= Beginning of Section =
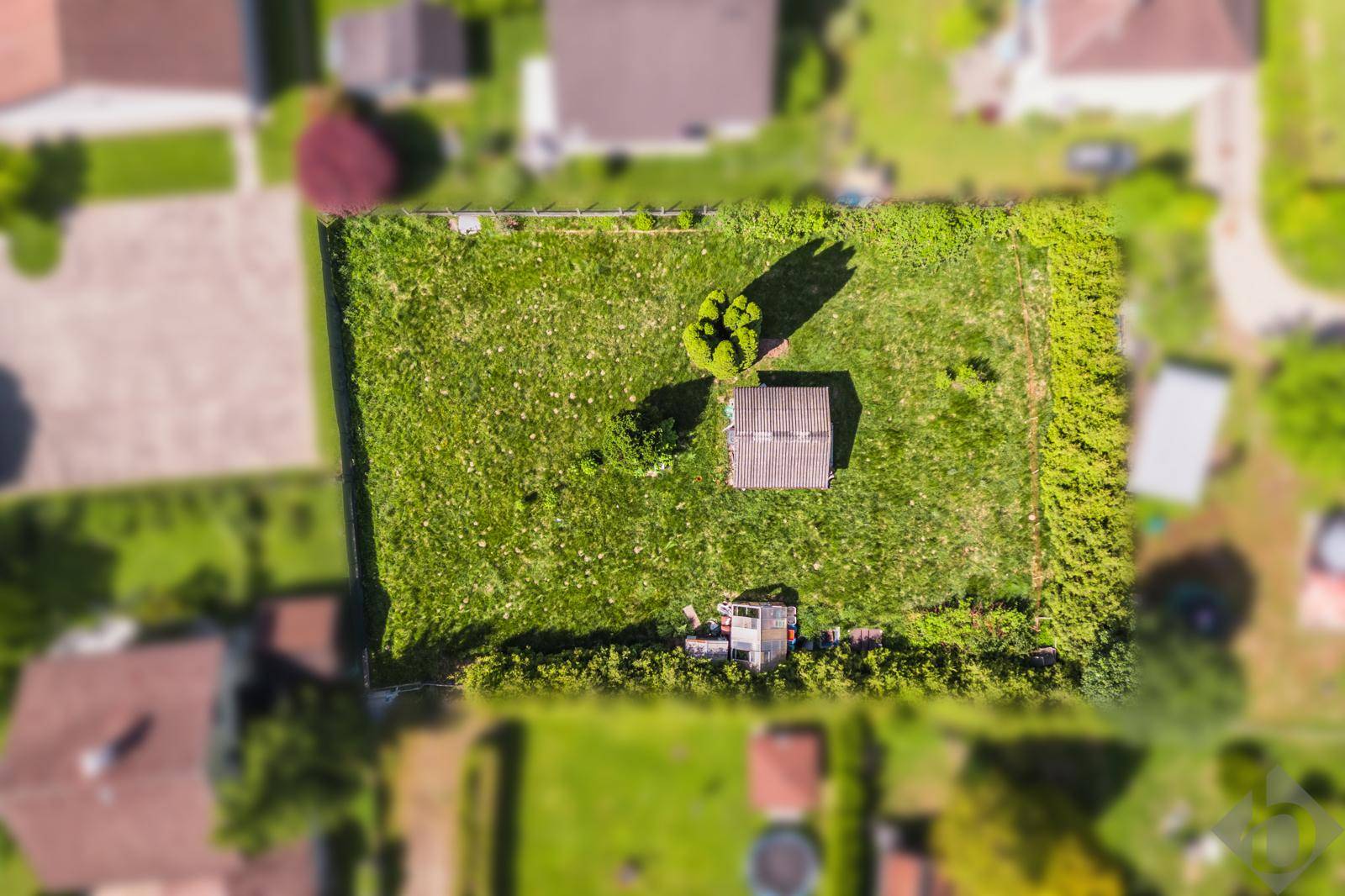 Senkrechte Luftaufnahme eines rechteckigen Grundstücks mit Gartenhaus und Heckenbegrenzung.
= End of Section =
= Beginning of Section =
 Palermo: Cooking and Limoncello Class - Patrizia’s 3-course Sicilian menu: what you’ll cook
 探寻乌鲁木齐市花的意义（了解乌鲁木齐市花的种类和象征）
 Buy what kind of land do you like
= End of Section =
### PROBLEM TO WORK ON
Each line in the listing above from the one containing "Palermo: Cooking and" through the one containing "Buy what kind of land do you like" should be repeated exactly, and no other line.

### SOLUTION TO THE PROBLEM
 Palermo: Cooking and Limoncello Class - Patrizia’s 3-course Sicilian menu: what you’ll cook
 探寻乌鲁木齐市花的意义（了解乌鲁木齐市花的种类和象征）
 Buy what kind of land do you like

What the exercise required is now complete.